The Obama administration was reportedly the first major foreign power to publicly congratulate Jonathan after he assumed executive powers in February from incapacitated President Umaru Yar’Adua, who remains too sick to administer over the country.
According to reports, the two leaders [President Jonathan and President Obama] would focus their negotiations on ways to prevent global terrorism, four months after a Nigerian citizen tried to blow up a U.S. passenger plane in Detroit.
Nonetheless, Nigeria has already installed body scanners at its international airports at the request of the United States, as both countries partner in the search for global peace and security.
Conversely, Washington has said it was confident that President Jonathan would also move on with electoral reforms, anti-corruption measures and peace efforts in the troubled Niger Delta.
The visit comes as Washington grows critical Nigeria’s electoral commission and the political/religious uncertainty plaguing the West African nation ahead of its presidential elections next year.

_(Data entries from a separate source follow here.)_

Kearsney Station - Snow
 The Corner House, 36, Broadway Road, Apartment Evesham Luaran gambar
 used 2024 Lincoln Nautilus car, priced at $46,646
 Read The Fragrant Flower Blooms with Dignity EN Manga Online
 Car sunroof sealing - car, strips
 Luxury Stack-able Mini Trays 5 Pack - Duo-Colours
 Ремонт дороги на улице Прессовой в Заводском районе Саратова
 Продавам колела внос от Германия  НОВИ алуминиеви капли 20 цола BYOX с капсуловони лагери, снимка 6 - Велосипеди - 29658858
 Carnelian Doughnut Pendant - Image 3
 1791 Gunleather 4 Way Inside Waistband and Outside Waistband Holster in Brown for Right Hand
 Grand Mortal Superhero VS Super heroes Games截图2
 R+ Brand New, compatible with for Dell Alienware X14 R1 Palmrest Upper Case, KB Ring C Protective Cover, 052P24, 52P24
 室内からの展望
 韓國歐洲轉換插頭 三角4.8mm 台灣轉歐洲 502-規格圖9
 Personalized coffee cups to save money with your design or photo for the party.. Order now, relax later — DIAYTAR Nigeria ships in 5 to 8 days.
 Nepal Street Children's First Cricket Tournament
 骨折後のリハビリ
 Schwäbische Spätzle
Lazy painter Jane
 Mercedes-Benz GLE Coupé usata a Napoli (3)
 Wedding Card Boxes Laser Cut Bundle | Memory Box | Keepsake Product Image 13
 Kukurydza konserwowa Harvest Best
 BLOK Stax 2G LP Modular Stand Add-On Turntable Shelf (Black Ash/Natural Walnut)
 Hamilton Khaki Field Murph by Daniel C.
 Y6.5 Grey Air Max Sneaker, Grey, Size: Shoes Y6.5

U.S. Assistant Secretary of State for African Affairs Johnnie Carson said on Monday that Nigeria’s elections chief, Maurice Iwu, should be replaced if the country wants to hold credible national polls.
Nigeria and the U.S have enjoyed a strong tie that was shaken by the events of December 26 2009, concerning an act of terror by a young Nigerian Muslim man.
As both presidents meet in Washington this weekend, U.S. Homeland Security Secretary Janet Napolitano is scheduled to meet top Nigerian government officials in the capital Abuja next week to discuss aviation security.
Early in the week, the U.S. and Nigeria signed a Binational Commission (BNC). According to reports, the United States establishes binational commissions with Nigeria as a collaborative scheme to produce substantial and assessable progress on common issues that challenges both nations.
Analysts say by signing the BNC agreement, the United States government demonstrated its genuine concern with aspirations of Nigerians at every level, both in the public and the private sector.
According to the International Monetary Fund (IMF) the United States is by far Nigeria’s largest trade partner, accounting for nearly 45 percent of the West African country’s exports, mainly crude oil.